It’s a familiar experience – you find yourself standing in between the shelves, scanning back and forth between PR2801 and PR 2801C only to find that although the book you’re looking for appears on the online map of the catalogue, it isn’t actually there. In the mean time, you couldn’t help but notice that Titus Andronicus was with Anthony and Cleopatra and not with other Titus Andronicus-es.
Although the University has made a growing effort to modernize the appearance of the library – from new tables with lockable drawers on the fifth floor of McLennan to the Yeats-quoting glass windows in the Cyberthèque – I wonder if the problem students face when it comes to physically accessing the library collection is ever going to go away.
Following recent changes in policy, the casual shelvers are hired to work after 4 p.m., though not between classes. Staffers have also reported that the stacks branch under Access Services – which had overseen the hiring of new shelvers and student navigators for the last 25 years – is no longer responsible for the task. Rather, Diane Koen, associate director of planning and resources for all 13 branch libraries, has been in charge of the process since September. The move, shelving staff believe, has produced results that are decreasingly attuned to students’ urgent needs. For example, experienced shelvers who had previously worked with the permanent staff – and thus would have been re-recruited quickly – were not hired when they reapplied this September.
“As you will appreciate, students graduate!” Koen wrote in an email. “They are no longer available. There is competition for all of the student employment and we try to share it around as equitably as possible. Our current cohort consists of experienced and new shelvers.”
The rows and many truckloads of unshelved books on each floor in McLennan are but one measure of how the McGill library has been unable to provide timely access to the collections. According to shelving staff, this past April saw a 50 per cent budget cut to stack services. McLennan now has five casual student shelvers, instead of the 15-20 it had before the cut. Meanwhile, the six permanent staff shelvers are stretched very thin over the six floors of the building, especially during exam time, when casual student workers find themselves torn between their commitment to the library and their studies.

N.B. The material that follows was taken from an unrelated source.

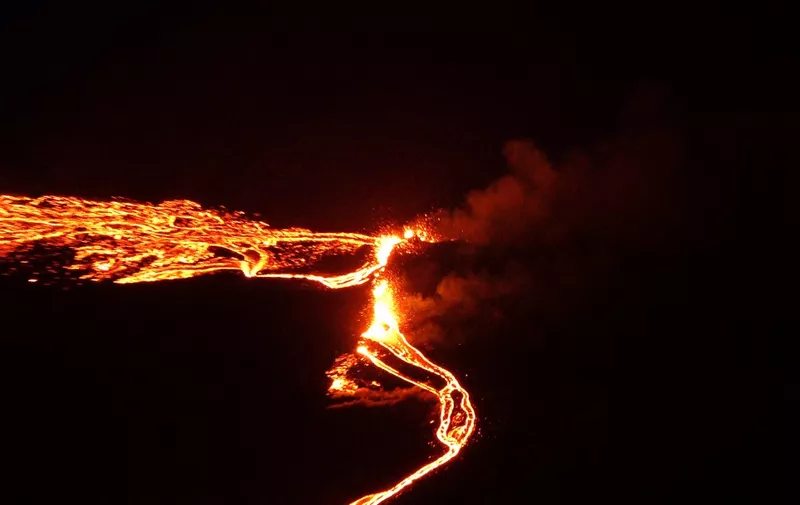 In this still image captured from a hand out video, filmed by the Icelandic Coast Guard, lava flows from the erupting Fagradalsfjall volcano some 50 km west of the Icelandic capital Reykjavik, on March 19, 2021. - A volcano erupted in Iceland on Friday some 40 kilometres (25 miles) from the capital Reykjavik, the Icelandic Meteorological Office said, as a red cloud lit up the night sky and a no-fly zone was established in the area. (Photo by Icelandic Coast Guard / AFP) / RESTRICTED TO EDITORIAL USE - MANDATORY CREDIT "AFP PHOTO / Icelandic Coast Guard" - NO MARKETING NO ADVERTISING CAMPAIGNS - DISTRIBUTED AS A SERVICE TO CLIENTS -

Koen added that students had been hired to carry out many tasks: “You may not be aware that the library has significant cataloguing backlogs and it was agreed by everyone that reducing the cataloguing backlog was a priority several years ago. Students are being employed to do a variety of tasks, one of which is shelving, but the cataloguing priority has been an important area for student employment. Some of the funds for student employment are provided by the SSMU Library Improvement Fund, and its committee members are involved each and every year in various meetings to discuss how these funds are expended.”

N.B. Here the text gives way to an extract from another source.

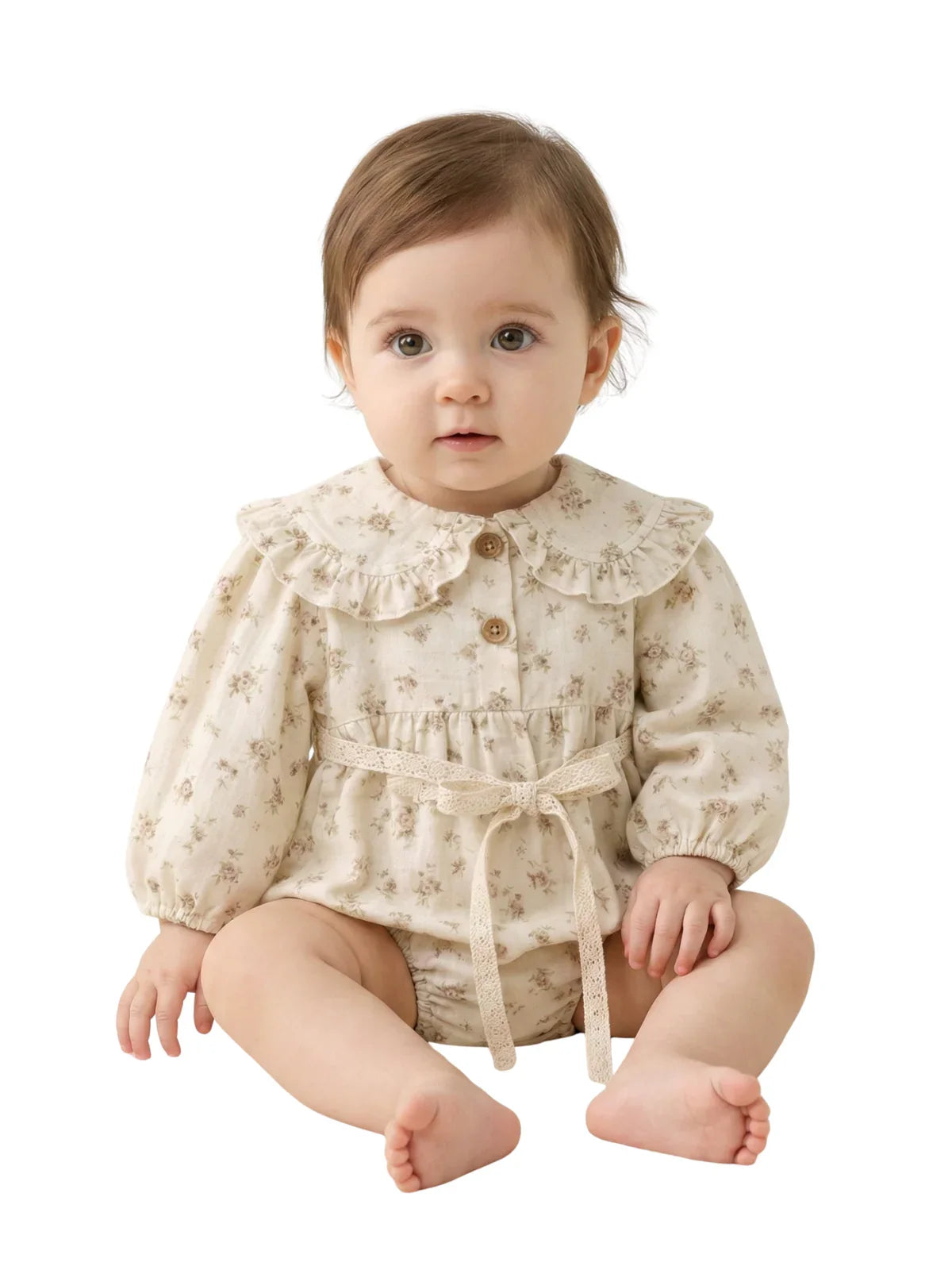 Baby wearing a cream floral romper with a white background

Koen added that “the number of students we employ at any given time varies according to the workload; it goes up during the semester as exam time approaches.”
When asked if the library was aware of the build up of unshelved books, Janine Schmidt, the Trenholme Director of Libraries, responded that “there have been some recent issues with shelving in the Humanities and Social Sciences Library. The matter is in hand with our excellent staff in the Humanities and Social Sciences Library supported by student shelvers.”
In response to the claim made by shelving staff that the budget to the stack services had been cut by 50 per cent earlier this year, Schmidt and Koen stated in a jointly written email that, “In general, there has been no reduction in expenditure on shelving across the library. There has, however, been a considerable reduction in the amount of shelving – as you no doubt realize, there has been a huge swing to the use of online resources in all library branches. Our staffs perform many functions. We are shelving fewer items across the system, and our loans of physical materials are also going down.”
In light of the $32 million allocated to the University’s library system, I asked Schmidt and Koen to explain how the money had been spent this year. They responded that there have been challenging issues with this year’s budget since McGill libraries have also had to cope with a reduction in the University’s endowment, as well as a 1.5 per cent cut in the operating grant. Schmidt and Koen said that the library collection remained a priority.
“The University has made a commitment publicly at all budget presentations that the Collections budget is protected.”
They added that the bulk of funds are spent on the journal collection, and that much of the budget is spent on electronic collections; “We have been moving to e-collections in response to student demands. The Library spends almost $14 million on staff and the remaining funds are spent on refurbishment and facilities.”
When I asked if they would encourage students to learn about how the money is spent, both Schmidt and Koen explained that student representatives sit on both the Senate Committee on Libraries and the advisory committees for each branch library where the details of the budget are discussed.
Shelving staff have bemoaned the lack of funds allocated to their operations. “They spent that much money on things like the Cyberthèque and compact shelving,” one staff member complained, “but couldn’t get a handle on things as basic and simple as this,” gesturing toward the stacks of unshelved books in front of him.
And as the unshelved books in McLennan start to resemble a small library by themselves, students should know that a search through the sorting area may be the most fruitful method of finding the books required for their term papers.